Wednesday, 5 March, 2014


Following a meeting with DARD Minister Michelle O’Neill yesterday (4 March) to outline the Ulster Farmers’ Union position on the implementation of the reformed CAP, UFU President Harry Sinclair has said that while there were many areas of agreement there were still significant differences between the DARD Minister’s views of how CAP reform should be implemented and the position held by the Union.


Harry Sinclair continued; “Minister O’Neill assured us that no decision in respect of how CAP reform will be implemented in Northern Ireland has been taken so far. Nevertheless, it is obvious that the Minister holds some views, some of which she admitted are personal, on several of the significant issues that are very much at odds with what the Union believes is necessary for the success and sustainability of the NI agriculture industry going forward.


“On transition, and despite a previous DARD submission to the EU Commission arguing for a 10 year transition period on the basis that a shorter transition would be ‘much too abrupt given the scale of support redistribution that will occur’,  it now appears that the Minister believes a shorter transition period is preferable. When it comes to regionalisation the Minister appears to be focused on addressing what she perceives as ‘historical imbalances’ rather than looking to the future and providing a support based incentive for farmers across all sectors and in all regions of Northern Ireland to meet the challenges of increasing productivity.  This would be in line with the economic expansion aspirations of the NI Executive by maintaining support where it was generated and currently resides. Indeed we were genuinely surprised that neither the Minister nor her officials could see the contradiction in the fact that under the single region model, DARD’s own hill farm at Glenwherry will receive an increase in Single Farm Payment support of between two and three times without any meaningful change in the output or production from the farm.”

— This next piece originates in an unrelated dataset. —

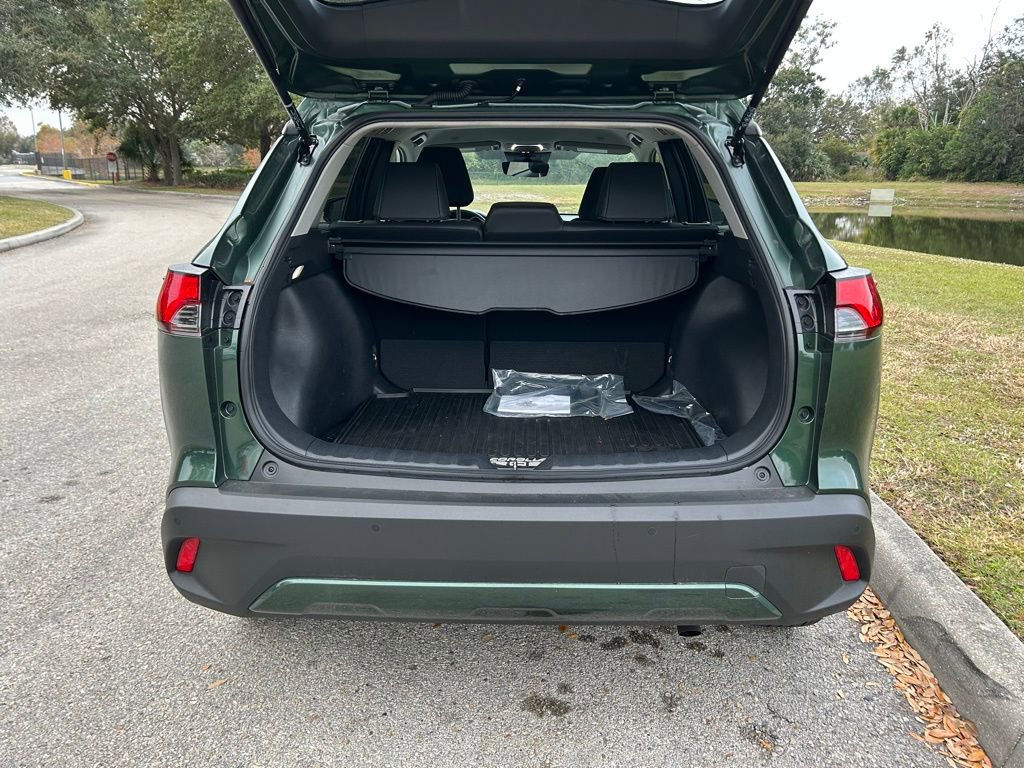 Used 2025 Toyota Corolla Cross XLE image 10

Harry added; “On ANC support we were more encouraged by the Minister’s view. It now appears that she accepts the considerable financial and operational disadvantages that bringing future ANC support into Pillar 1 would mean to many vulnerable farms in both the SDA and DA regions, and is now more disposed towards continuing the future ANC Scheme in Pillar 2.” 

The UFU President concluded; “Although we were assured that no decisions have yet been taken, we are concerned that the Minister is being unduly influenced by a number of recently formed vociferous single interest groups. The members of these groups have the most to gain from a single region and a quick transition but it will be at the expense of the vast majority of Northern Ireland’s farmers, particularly those in the DA region who will lose both a large part of their SFP and also their ANC support going forward. We don’t believe these important decisions should be based on who can shout the loudest but should be based on what is in the best interest for Northern Ireland agriculture as a whole. The Union will continue to promote an implementation approach which will build on the significant gains that have already been secured from the original EC proposals. The focus should be on creating a regime that supports productivity in all sectors and across all regions of NI and we believe strongly that this is the best way to secure the future prosperity of Northern Ireland’s agri-food industry.”